The Facial Recognition model's effective range was found to be 2.29 m (7.5 feet). Face Tracking was found to have a range of  2.6 m (8.5 feet) and Object Identification had the longest range of 6.1 m (20 feet). The effective ranges are inversely proportional to the amount of detail required.   Facial Recognition requires the most detail, followed by Face Tracking which involves identification of a face but not a specific face.  Object Identification requires a lower amount of detail which means its effective range is longest.  This information is important when considering the building of a Computer Vision model and ensuring its effectiveness. 

Although this was a first attempt it was successful in understanding the potential and limitations.  

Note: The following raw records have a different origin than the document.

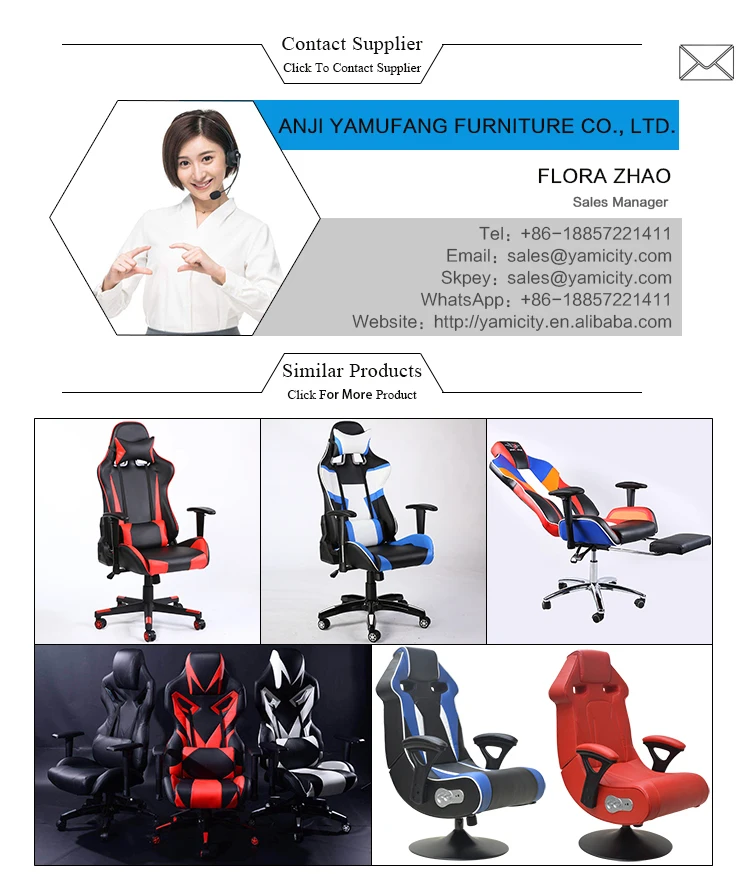 gaming chair cheap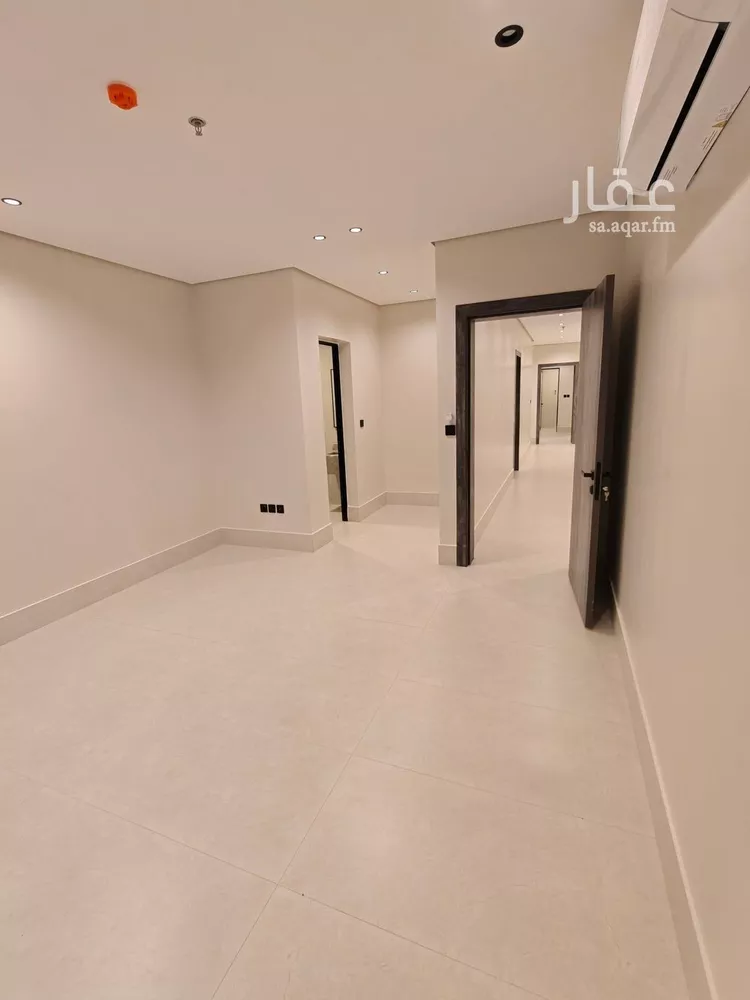 Apartment for Sale in Dammam Az Zuhur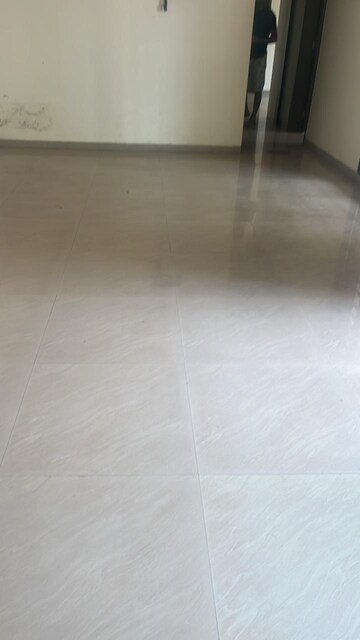 Room in 3.5 BHK Apartment at Pebbles I, Bavdhan – for Rent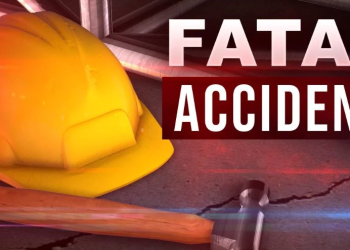 Bendals man dies following workplace accident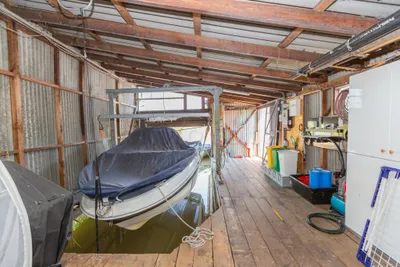 3-Zimmer-Wohnung kaufen in Rust (Stadt) – 70 m², € 99.000 – Bild 25 von 30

For future experiments, we can look at more complicated examples with different computer vision models or incorporating more complex robotic examples. We illustrated the use of a simple servo but a more complicated setup of multiple servos can lead to more sophisticated robotics applications. Potential applications include security cameras, automobile self driving and robotic applications. 

Citations

Core Electronics (2021a) Easiest Pan-Tilt System for the Raspberry Pi – Quick Start Guide with Pimoroni Picade HAT . Retrieved on October 5, 2024 from https://www.youtube.com/watch?v=Dc9AEFw0hww 

Core Electronics (2021b) Face & Movement Tracking System Using a Raspberry Pi + OpenCV + Pan-Tilt HAT + Python . Retrieved on October 5, 2024 from https://www.youtube.com/watch?v=T_892SKVNf4 

Core Electronics (2021c) Object Identification & Animal Recognition With Raspberry Pi + Open CV + Python . Retrieved on October 5, 2024 from https://www.youtube.com/watch?v=iOTWZI4RHA8 

Core Electronics (2021d) Face Recognition With Raspberry Pi + OpenCV + Python . Retrieved on October 5, 2024 from https://www.youtube.com/watch?v=o-x1PE0LVKM 

ExplainingComputers(2020). Raspberry Pi Servo Motor Control. Retrieved on January 21, 2025 from https://www.youtube.com/watch?v=xHDT4CwjUQE 

 Mafukidze, Harry (ND). How to use Servos on the Raspberry Pi. Retrieved on January 20, 2025 from https://www.circuitbasics.com/how-to-use-servos-on-the-raspberry-pi/  

Miller, Liz. (2024). How to Control a Servo with Raspberry Pi. Retrieved January 20, 2025 from https://www.learnrobotics.org/blog/raspberry-pi-servo-motor/  

Ogonyesolomonoche (ND). Controlling Servo Motor (Sg90) With Raspberry Pi 4. Retrieved on January 20, 2025 from https://www.instructables.com/Controlling-Servo-Motor-Sg90-With-Raspberry-Pi-4/  

Acknowledgement

We worked a lot to get these computer vision models working.  We are thankful to Core Electronics to publish videos showing how to do much of these. Also we are thankful for the Open CV and COCO teams for publishing open source computer vision code that works.